------ RECORDS SHOWN

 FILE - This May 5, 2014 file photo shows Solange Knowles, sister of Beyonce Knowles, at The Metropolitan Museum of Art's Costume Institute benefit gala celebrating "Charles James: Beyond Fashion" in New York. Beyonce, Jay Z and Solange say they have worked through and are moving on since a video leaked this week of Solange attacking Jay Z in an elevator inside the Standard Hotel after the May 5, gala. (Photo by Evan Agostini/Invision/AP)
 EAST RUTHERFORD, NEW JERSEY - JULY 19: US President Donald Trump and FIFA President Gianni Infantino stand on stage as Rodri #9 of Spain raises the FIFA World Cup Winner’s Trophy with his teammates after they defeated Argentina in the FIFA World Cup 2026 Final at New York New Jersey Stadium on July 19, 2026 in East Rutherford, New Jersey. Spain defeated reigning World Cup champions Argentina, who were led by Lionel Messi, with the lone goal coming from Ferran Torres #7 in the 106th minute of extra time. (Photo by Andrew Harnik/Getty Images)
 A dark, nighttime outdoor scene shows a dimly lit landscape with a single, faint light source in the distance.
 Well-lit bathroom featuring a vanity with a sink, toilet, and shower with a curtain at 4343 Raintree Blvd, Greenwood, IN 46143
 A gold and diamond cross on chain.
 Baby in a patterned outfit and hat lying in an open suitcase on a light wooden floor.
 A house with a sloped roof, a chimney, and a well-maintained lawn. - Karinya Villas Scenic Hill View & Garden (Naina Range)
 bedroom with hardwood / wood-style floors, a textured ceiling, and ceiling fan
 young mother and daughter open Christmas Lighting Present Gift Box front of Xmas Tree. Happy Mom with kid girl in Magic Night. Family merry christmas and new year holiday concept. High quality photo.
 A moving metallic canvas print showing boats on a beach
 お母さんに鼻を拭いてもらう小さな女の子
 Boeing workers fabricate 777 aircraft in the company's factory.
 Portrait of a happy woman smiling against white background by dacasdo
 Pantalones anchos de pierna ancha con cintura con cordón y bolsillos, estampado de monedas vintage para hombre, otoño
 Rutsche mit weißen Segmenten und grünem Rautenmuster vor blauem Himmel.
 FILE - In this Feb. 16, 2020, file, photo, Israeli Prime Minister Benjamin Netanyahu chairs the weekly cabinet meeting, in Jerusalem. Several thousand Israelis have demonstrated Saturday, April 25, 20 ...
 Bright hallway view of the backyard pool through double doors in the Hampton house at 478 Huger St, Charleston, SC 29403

------------

TASK OBJECTIVE:
Look through the entries above. Copy out every line holding the word "open".

EXERCISE ANSWER:
 Baby in a patterned outfit and hat lying in an open suitcase on a light wooden floor.
 young mother and daughter open Christmas Lighting Present Gift Box front of Xmas Tree. Happy Mom with kid girl in Magic Night. Family merry christmas and new year holiday concept. High quality photo.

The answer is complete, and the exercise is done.